Home ownership is an extremely time and resource consuming venture and it’s no surprise that many people put it on par with other life decisions such as marriage or childbearing. Therefore, the decision should be made with plenty of forethought and planning.
Many Singaporeans often consider home ownership after marriage. This is because it is easier to handle the financial aspect with a combined income as opposed to a single income. Besides, couples enjoy several tax rebates and the thrills of running a joint project.
Here’s a quick view of how young Singaporean couples can finance their first home.
Before you can figure out how to finance your first home, it is critical to have a reasonable estimate of the cost your first home. Also, you should know the size, location and your eligibility for the target home you intend to purchase.

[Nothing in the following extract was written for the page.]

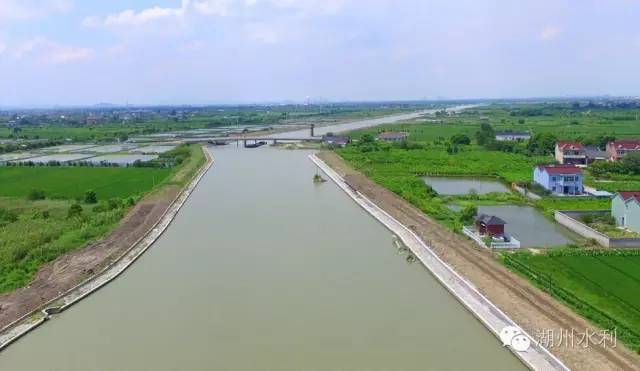 太嘉河杭嘉湖地区河道整治工程提前一年建成投用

Financing the new home is mostly a budgeting issue. You should have sufficient cash to pay for at least the minimum 5% in the down payment and necessary cash flow to finance a further 5-15% of the remaining part of the down payment. You should also perform a prequalification for government support programs such as housing grants, which range from $ 5,000 to $ 80,000, and HDB loans.
The Housing Development Board in Singapore is a state agency under Singapore’s Ministry of National Development that overlooks the development of homes and oversees enforcement of housing standards.
They also offer concessionary loans capped at a ceiling of 90% of the home value.
To qualify for a HDB loan, young couples in Singapore will have to apply for a HDB Loan Eligibility letter and submit it during lease signing. Also, couples seeking access to this aid must have at least one partner who is a Singaporean Citizen. Their choices are also limited according to their income, home size or location restrictions of the HDB criteria and have sufficient cash flow and in their CPF ordinary accounts.
If you are not qualified for a HDB loan, another excellent way young couples can finance their first homes is through bank loans. Banking is regulated by the Monetary Authority of Singapore which sets guidelines on loan terms, qualification and eligibility.
Unlike the HDB, each bank determines the interest rate its loans will have. However, most banks limit their loan terms to a maximum of 25 years and cap loan value at 80% of the purchase price. There are instances where banks can stretch the loan term beyond 25 years but don’t exceed 30 years. In such cases, the loan value is capped at 60% of the purchase price.
Bank loans are popular means to finance first homes because banks have more flexible packages which you can take advantage of during favourable market conditions. Comparing housing loan rates in Singapore is a critical step before deciding on a loan from a specific financial body.
Financing the first home is an exciting venture for young couples. Before you take up any of the loans mentioned above, it is crucial to assess your income and expenditure. As a rule of thumb, your expenditure commitments, including personal loans and credit card payments should not exceed 60% of your gross monthly income.